The Journey of a Trade

Key  Ideas

  • All securities are involved in the same process connecting the buyer and seller
  • The journey of a trade involves execution, settlement, and clearing of any security traded

Setting the scene

Larry, an Apple bond, is looking to be traded on the market. As a bond, Larry goes through an entire journey before becoming part of an individual's investment portfolio. The journey starts when someone (could be you!) decides to buy Larry. The trader submits an order to a broker, who then forwards it to an exchange. Larry could be traded on the NASDAQ, the New York Stock Exchange (NYSE), or over-the-counter (OTC), depending on where he is listed. Once Larry is on the exchange, he joins a queue with other trades waiting to be executed. 

Larry waits patiently in the queue until he is matched with a counterparty who is willing to sell him at the same price the trader is willing to buy him. Once the trade is executed, Larry's settlement process begins. This involves the transfer of ownership and cash between the buyer and seller. The clearing process ensures that the trade is valid, and all parties meet their financial obligations. This process can take a few days, but it ensures that the trade is settled accurately and efficiently.

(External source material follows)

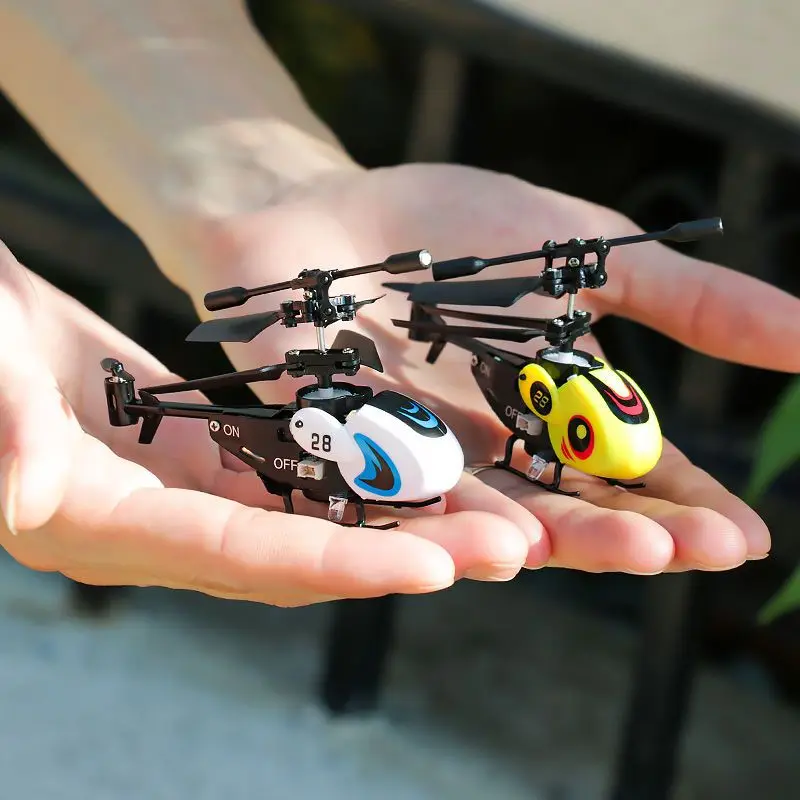 Fingertip mini RC airplane helicopter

Even though Larry the Apple bond is a relatively low-risk investment, he is subject to the same process as all other trades. This is to ensure that all parties are protected. After this process is complete, Larry becomes part of the buyer’s investment portfolio, generating income and contributing to the goodwill of the market.

The Role of Brokerages

Since financial markets are robust and can be engaged by many parties, there is a plethora of buyers who can execute trades. At large, these buyers are split into retail and institutional buyers. Retail traders buy and sell securities for personal investment, while institutional buyers manage large amounts of money on behalf of their clients.

Institutional buyers can execute orders through a variety of channels, including direct access to the market, electronic trading platforms, and over-the-counter (OTC) markets. Institutions have access to better pricing and execution through the use of complex algorithmic trading that focuses on finding orders within the best bid-ask spreads.

While institutions can access the market in other ways, both retail traders and institutions can leverage the use of brokerages. Institutions are known to use brokerages to execute orders in markets will limited access or for complex trades that fall out of their wheelhouse. Retail traders can execute orders through a brokerage, which acts as an intermediary between the trader and the market. Brokerages provide traders with access to various markets and financial products, allowing them to execute trades quickly and efficiently. 

Here’s where it gets confusing. Just like institutions use brokerages, brokerages can use institutions. Take Robinhood, for example, a firm that leverages Citadel to attain the most optimal prices for its customers. While brokerages and institutions have somewhat of an interdependent relationship, the vast majority of retail traders use some form of brokerage to manage their portfolios.

The Clearing and Settling Process

When you execute a trade, the DTCC helps to settle the trade. This means that it ensures that the securities (like bonds) you bought or sold are delivered to the right people and that the money for the trade is transferred correctly. The DTCC works behind the scenes to make sure everything is done accurately and securely.

For example, if you sold some Apple bonds, the DTCC would make sure that the buyer gets the bonds they paid for and that you receive the money from the sale. This can take a few days, typically 2-3 business days for most bond trades, but it can vary depending on the type of bond and how the trade is settled. Overall, the DTCC plays a very important role in ensuring that trades are settled correctly and efficiently, which helps to keep the financial markets running smoothly.